TASK: Extract from the listing each line in which the word "photo" appears.

++++++

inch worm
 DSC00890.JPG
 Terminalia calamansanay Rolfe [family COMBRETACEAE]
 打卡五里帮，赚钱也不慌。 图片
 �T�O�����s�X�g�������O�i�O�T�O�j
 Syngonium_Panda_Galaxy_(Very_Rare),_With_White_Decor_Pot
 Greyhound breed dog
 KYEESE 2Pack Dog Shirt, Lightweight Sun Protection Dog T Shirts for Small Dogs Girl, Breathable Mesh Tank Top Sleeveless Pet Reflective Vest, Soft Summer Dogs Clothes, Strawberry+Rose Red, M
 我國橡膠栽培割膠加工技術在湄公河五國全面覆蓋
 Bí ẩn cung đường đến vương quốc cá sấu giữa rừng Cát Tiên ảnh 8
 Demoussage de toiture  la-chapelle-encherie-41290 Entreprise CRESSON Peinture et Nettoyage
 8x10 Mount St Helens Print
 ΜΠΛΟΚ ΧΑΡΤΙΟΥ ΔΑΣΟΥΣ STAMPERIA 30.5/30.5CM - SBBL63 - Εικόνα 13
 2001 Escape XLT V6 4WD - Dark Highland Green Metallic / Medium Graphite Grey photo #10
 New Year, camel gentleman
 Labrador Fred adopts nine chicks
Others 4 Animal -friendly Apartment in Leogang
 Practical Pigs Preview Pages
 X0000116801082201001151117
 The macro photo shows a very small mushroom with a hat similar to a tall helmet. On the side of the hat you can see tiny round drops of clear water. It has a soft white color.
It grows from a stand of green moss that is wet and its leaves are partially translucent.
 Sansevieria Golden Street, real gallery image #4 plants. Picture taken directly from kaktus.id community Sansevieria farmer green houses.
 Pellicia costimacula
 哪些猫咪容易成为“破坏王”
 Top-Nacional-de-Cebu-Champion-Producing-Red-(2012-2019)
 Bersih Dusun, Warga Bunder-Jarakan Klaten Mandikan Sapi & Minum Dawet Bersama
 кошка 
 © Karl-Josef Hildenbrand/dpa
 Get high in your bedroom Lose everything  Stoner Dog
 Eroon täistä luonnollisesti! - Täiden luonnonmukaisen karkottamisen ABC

++++++

RESPONSE:
 2001 Escape XLT V6 4WD - Dark Highland Green Metallic / Medium Graphite Grey photo #10
 The macro photo shows a very small mushroom with a hat similar to a tall helmet. On the side of the hat you can see tiny round drops of clear water. It has a soft white color.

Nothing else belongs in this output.